Divine Discontent, Sixpence None The Richer

Chariots of Fire,

Ordet,

Frankenstine, Mary Shelley

It by this book that I discovered my strong dislike for the typical writing style of the Romantic period.

Million Dollar Baby,

7 comments:

eucharisto said...

Wow, I've got some catching up to do. I think I'll take a try at watership down, to start. Sounds like a great book to read, especially as I'm interested in adventure/dystopian/pilgrim's-progress/folk-story/parables starring rabbits. hahaha.

Queen Mum said...

How do you find the time to do ALL that reading and viewing? I am thankful you make time for these important things.

eucharisto said...

I just finished reading the first 30 pages of Watership Down. It's shaping up to be a great book. I'm guessing this is where Brian Jacques got a lot of his inspiration for the Redwall series.

midnitcafe said...

What did you think of Ikiru? I watched about half of it, thoroughly enjoying it, but had to leave it for one reason or another and never got back to it.

Kurasawa is one of my favorite directors.

Foolish Knight said...

Wow Joel, you're a fast reader! Yeah, strong relations between the two books there but in my opinion, Redwall is to Watership Down, canned peaches are to fruit from the Garden of Eden. That's just my opinion, though.
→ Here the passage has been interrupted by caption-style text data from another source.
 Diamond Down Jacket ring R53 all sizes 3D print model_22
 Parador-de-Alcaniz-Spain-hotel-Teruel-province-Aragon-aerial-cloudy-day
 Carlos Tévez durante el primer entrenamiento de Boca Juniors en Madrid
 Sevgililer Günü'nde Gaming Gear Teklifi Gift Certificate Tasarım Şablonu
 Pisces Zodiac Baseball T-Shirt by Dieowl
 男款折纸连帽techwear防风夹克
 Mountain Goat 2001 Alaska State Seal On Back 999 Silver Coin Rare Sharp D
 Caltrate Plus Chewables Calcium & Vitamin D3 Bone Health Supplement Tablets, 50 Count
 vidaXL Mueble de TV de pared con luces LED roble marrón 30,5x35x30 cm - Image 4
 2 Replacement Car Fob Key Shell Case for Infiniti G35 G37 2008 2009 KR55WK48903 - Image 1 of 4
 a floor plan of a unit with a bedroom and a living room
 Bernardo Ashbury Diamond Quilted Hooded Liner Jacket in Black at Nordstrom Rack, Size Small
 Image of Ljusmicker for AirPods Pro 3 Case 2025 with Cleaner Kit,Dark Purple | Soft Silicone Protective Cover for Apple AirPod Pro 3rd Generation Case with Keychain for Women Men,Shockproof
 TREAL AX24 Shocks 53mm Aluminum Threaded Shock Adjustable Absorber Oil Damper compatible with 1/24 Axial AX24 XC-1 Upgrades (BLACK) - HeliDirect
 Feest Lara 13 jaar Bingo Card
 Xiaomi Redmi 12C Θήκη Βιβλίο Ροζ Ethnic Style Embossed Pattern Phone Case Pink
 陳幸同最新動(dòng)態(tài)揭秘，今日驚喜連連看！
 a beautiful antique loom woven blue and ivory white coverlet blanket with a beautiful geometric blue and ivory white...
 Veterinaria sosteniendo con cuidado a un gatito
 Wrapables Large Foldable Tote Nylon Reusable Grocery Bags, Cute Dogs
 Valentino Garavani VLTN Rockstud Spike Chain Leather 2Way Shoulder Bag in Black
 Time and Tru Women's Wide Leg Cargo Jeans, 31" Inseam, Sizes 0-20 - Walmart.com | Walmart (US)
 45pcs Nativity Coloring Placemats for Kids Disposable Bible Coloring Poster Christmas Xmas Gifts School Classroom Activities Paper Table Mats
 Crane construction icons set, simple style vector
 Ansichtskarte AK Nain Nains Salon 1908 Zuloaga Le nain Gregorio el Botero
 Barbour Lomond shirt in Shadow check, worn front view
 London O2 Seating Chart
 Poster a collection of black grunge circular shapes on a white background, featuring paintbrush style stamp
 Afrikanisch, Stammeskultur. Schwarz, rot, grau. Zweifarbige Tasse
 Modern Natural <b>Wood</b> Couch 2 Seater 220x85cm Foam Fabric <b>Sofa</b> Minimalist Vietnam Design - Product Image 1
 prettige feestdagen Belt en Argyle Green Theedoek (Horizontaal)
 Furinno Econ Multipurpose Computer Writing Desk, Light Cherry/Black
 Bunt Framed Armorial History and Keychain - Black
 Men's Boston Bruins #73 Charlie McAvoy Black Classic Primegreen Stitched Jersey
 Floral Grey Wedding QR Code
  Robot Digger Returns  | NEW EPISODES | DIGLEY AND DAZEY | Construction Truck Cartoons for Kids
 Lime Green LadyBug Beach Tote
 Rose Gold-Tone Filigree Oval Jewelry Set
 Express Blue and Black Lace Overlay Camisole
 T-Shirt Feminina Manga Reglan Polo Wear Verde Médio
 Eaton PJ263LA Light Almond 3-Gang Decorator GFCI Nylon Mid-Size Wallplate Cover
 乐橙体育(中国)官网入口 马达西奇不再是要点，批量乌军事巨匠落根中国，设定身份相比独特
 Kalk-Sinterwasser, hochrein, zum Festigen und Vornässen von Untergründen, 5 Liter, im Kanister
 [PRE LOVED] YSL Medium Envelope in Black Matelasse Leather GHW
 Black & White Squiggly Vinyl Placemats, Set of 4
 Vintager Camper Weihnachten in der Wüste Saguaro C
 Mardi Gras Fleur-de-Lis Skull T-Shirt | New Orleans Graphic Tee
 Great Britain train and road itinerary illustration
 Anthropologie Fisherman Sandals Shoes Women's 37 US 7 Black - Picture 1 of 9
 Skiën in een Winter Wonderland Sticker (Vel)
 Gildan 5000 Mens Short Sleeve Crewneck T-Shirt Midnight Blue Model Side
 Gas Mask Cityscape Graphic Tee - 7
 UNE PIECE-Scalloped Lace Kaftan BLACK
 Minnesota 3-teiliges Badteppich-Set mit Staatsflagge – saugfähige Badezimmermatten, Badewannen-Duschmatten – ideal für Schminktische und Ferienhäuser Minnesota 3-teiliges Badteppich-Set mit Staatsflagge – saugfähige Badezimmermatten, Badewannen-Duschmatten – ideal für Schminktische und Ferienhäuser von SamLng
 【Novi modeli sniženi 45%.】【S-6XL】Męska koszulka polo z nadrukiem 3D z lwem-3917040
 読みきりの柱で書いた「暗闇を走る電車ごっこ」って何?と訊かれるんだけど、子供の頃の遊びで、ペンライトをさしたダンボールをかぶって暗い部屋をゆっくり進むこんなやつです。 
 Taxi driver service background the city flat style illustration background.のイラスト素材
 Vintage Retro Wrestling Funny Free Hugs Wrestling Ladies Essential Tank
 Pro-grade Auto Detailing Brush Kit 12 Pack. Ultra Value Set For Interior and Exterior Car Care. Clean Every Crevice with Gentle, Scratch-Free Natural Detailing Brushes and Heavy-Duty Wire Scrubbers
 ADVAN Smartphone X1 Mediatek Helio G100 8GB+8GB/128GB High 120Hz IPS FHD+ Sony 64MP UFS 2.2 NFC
Queen Mum, congratulations! Welcome to the family! (As if you weren't part already.) And as for how I find time do absorb so much art, you might as well drunk how he finds time for booze: we find time for what we love, creating and thinking about art is how I show my love for God, I almost can't help it.

My goodness, that sounds bad!

Midnitcafe, you should try to get a hold of Ikiru, being the Kurasawa fan that you are. I might have liked it better than that Seven Samurai, though I'd have to watch it again to be sure.

Queen Mum said...

I understand dear...you are absolutely right, we do make time for the things we love. I guess that is why I have not done taxes yet!

As for your addiction, I know a phone number for a good support group called AA.
No, silly, not Alcohol Anonymous. It's Arts Anonymous, I know the director.

Queen Mum said...

I just wanted to be sure that you know I meant "addiction" in a positive way. One definition is: the compulsive need for something.A definition I found for "addict" is: to devote or surrender oneself to something habitually.

In this light I truly hope you will always be a God addict. As for seeking help for it, please don't.